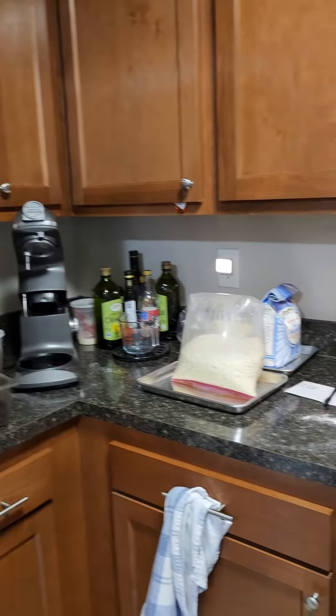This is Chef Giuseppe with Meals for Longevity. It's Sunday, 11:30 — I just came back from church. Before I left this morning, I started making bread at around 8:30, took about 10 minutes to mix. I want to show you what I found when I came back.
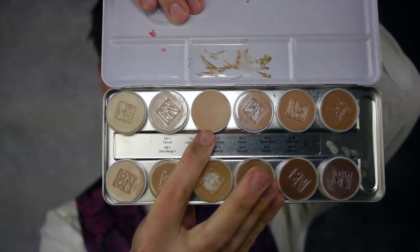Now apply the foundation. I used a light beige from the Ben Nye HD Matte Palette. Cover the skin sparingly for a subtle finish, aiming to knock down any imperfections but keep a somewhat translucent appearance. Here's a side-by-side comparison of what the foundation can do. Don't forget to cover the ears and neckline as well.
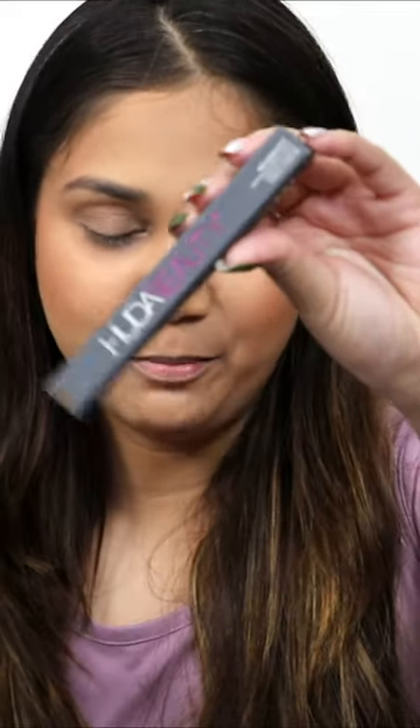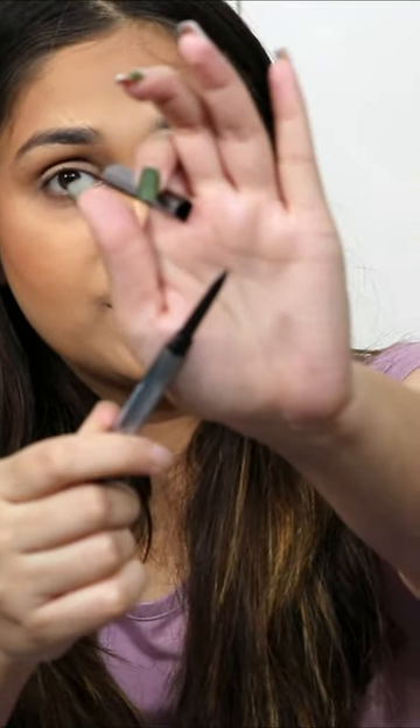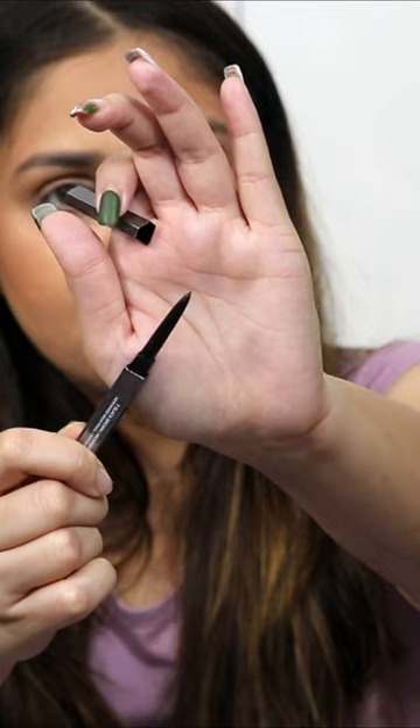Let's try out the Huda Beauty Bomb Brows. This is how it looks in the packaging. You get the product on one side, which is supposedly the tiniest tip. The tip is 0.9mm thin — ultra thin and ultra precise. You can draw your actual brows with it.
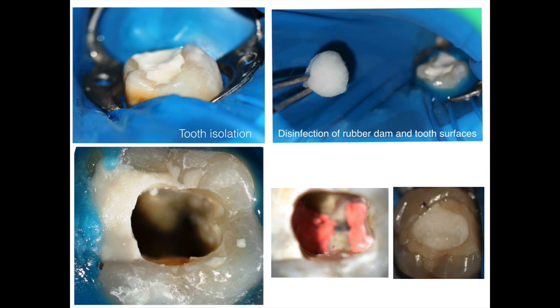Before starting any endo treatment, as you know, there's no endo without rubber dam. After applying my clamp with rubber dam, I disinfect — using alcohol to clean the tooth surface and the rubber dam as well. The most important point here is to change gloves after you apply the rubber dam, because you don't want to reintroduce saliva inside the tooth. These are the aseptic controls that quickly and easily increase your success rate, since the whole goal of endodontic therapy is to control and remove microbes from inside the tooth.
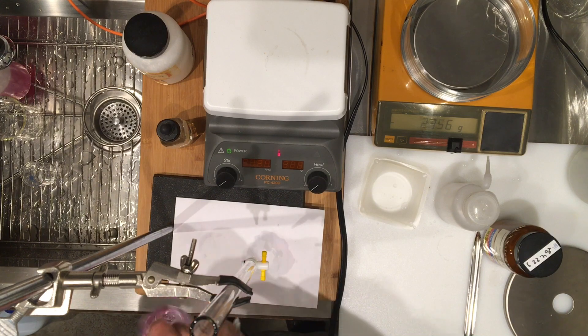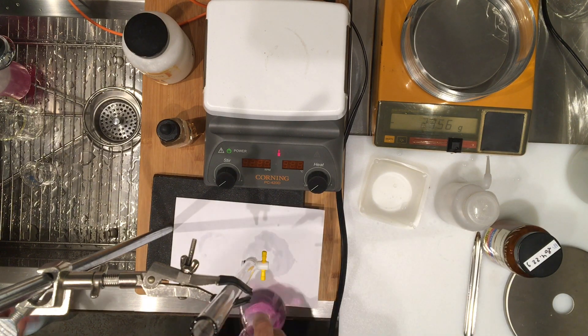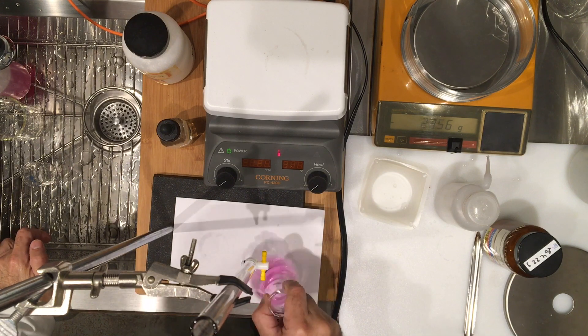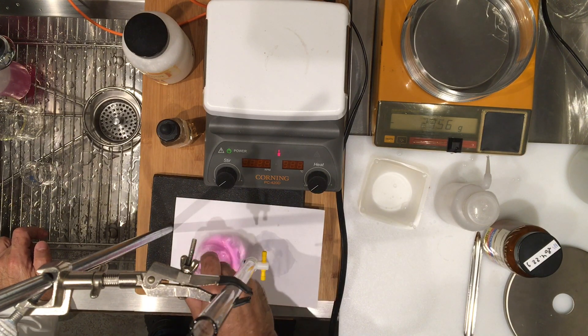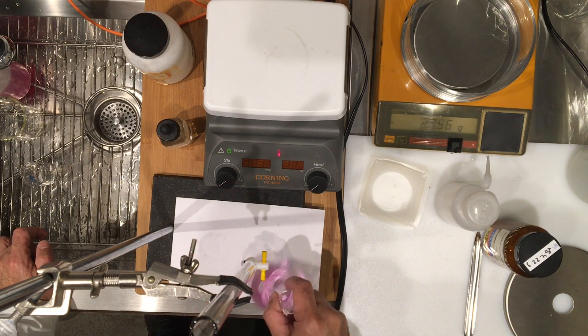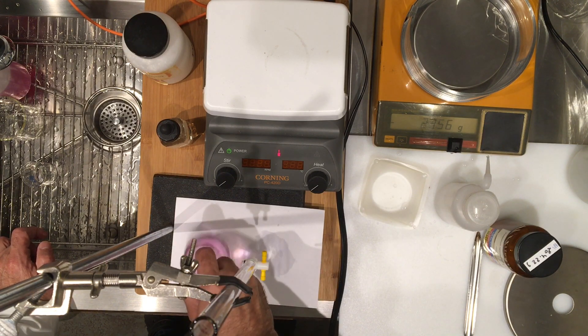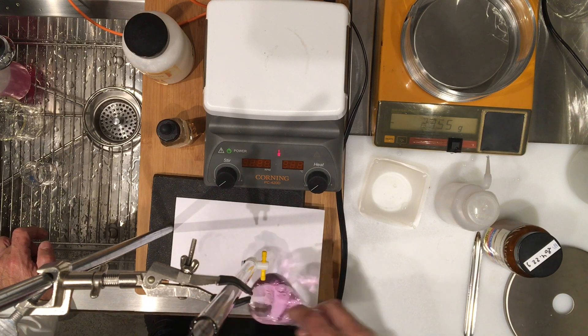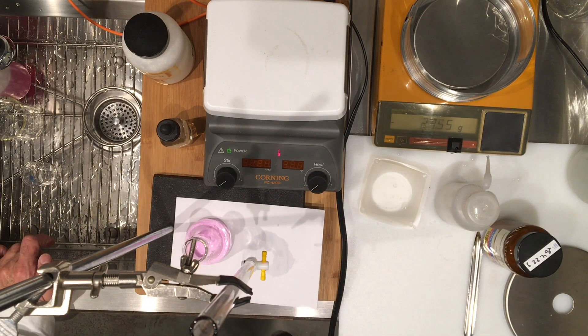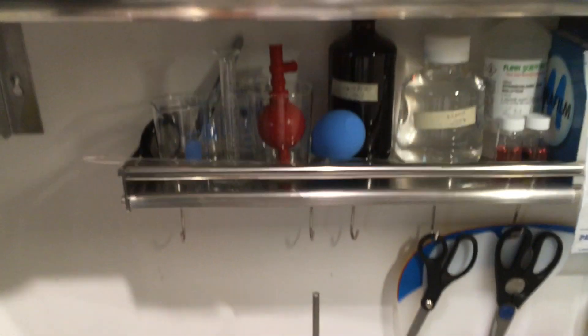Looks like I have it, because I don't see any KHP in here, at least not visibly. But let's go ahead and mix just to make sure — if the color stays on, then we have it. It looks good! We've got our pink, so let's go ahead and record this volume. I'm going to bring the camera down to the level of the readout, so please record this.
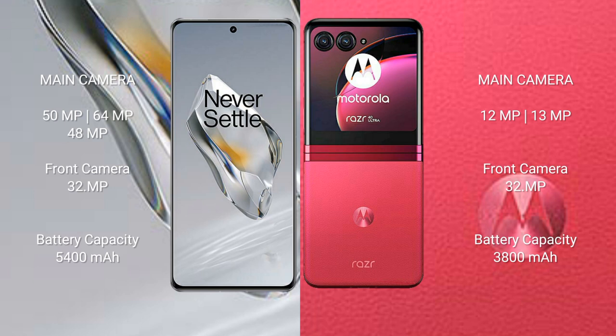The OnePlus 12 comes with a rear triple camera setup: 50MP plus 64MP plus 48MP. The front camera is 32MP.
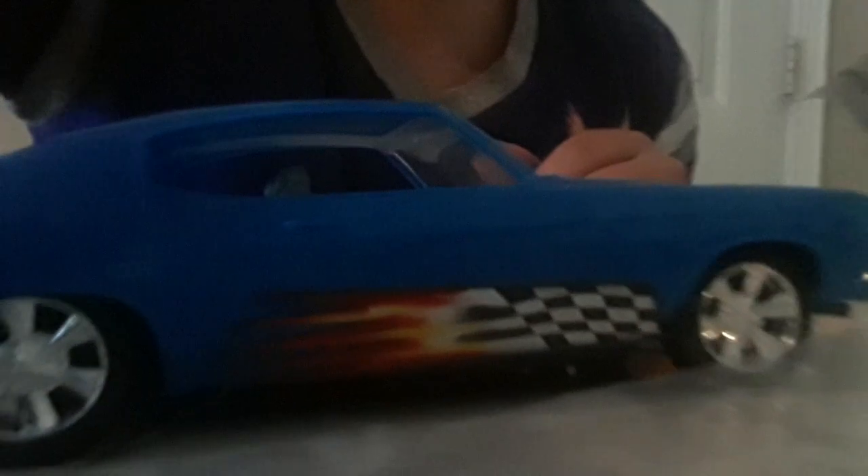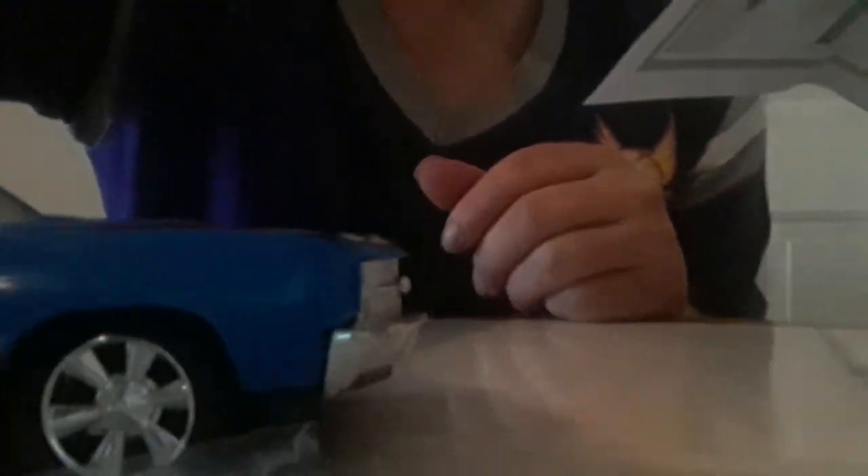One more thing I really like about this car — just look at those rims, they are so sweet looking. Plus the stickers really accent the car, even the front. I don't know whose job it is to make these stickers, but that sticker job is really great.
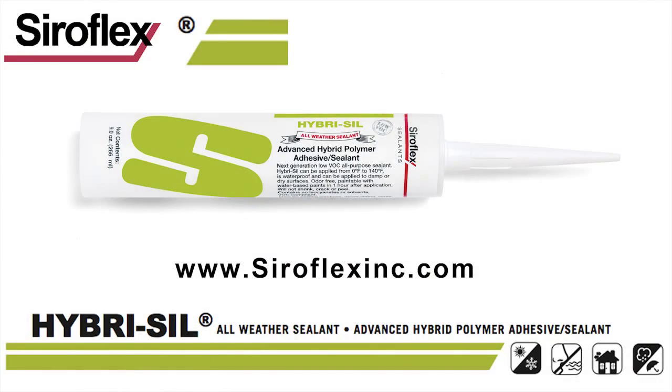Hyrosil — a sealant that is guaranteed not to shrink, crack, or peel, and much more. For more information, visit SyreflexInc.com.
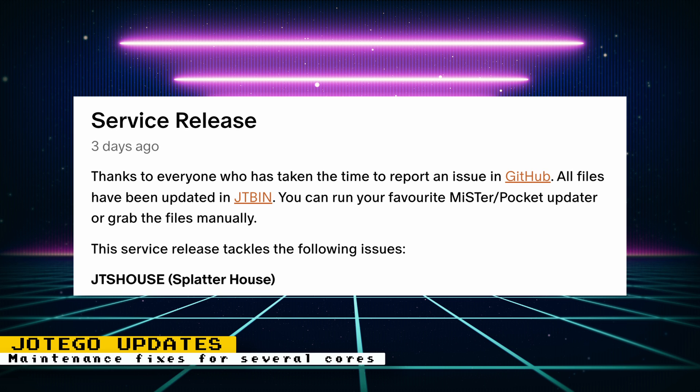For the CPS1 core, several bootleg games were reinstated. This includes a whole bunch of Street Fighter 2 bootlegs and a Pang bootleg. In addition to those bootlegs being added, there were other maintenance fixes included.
——
Brief
Give back each entry exactly as it appears, with no pictures.

Task result
This is Chef Giuseppe with Meals for Longevity. It's Sunday, 11:30 — I just came back from church. Before I left this morning, I started making bread at around 8:30, took about 10 minutes to mix. I want to show you what I found when I came back.
Now apply the foundation. I used a light beige from the Ben Nye HD Matte Palette. Cover the skin sparingly for a subtle finish, aiming to knock down any imperfections but keep a somewhat translucent appearance. Here's a side-by-side comparison of what the foundation can do. Don't forget to cover the ears and neckline as well.
Let's try out the Huda Beauty Bomb Brows. This is how it looks in the packaging. You get the product on one side, which is supposedly the tiniest tip. The tip is 0.9mm thin — ultra thin and ultra precise. You can draw your actual brows with it.
Before starting any endo treatment, as you know, there's no endo without rubber dam. After applying my clamp with rubber dam, I disinfect — using alcohol to clean the tooth surface and the rubber dam as well. The most important point here is to change gloves after you apply the rubber dam, because you don't want to reintroduce saliva inside the tooth. These are the aseptic controls that quickly and easily increase your success rate, since the whole goal of endodontic therapy is to control and remove microbes from inside the tooth.
Looks like I have it, because I don't see any KHP in here, at least not visibly. But let's go ahead and mix just to make sure — if the color stays on, then we have it. It looks good! We've got our pink, so let's go ahead and record this volume. I'm going to bring the camera down to the level of the readout, so please record this.
The OnePlus 12 comes with a rear triple camera setup: 50MP plus 64MP plus 48MP. The front camera is 32MP.
One more thing I really like about this car — just look at those rims, they are so sweet looking. Plus the stickers really accent the car, even the front. I don't know whose job it is to make these stickers, but that sticker job is really great.
Hyrosil — a sealant that is guaranteed not to shrink, crack, or peel, and much more. For more information, visit SyreflexInc.com.
For the CPS1 core, several bootleg games were reinstated. This includes a whole bunch of Street Fighter 2 bootlegs and a Pang bootleg. In addition to those bootlegs being added, there were other maintenance fixes included.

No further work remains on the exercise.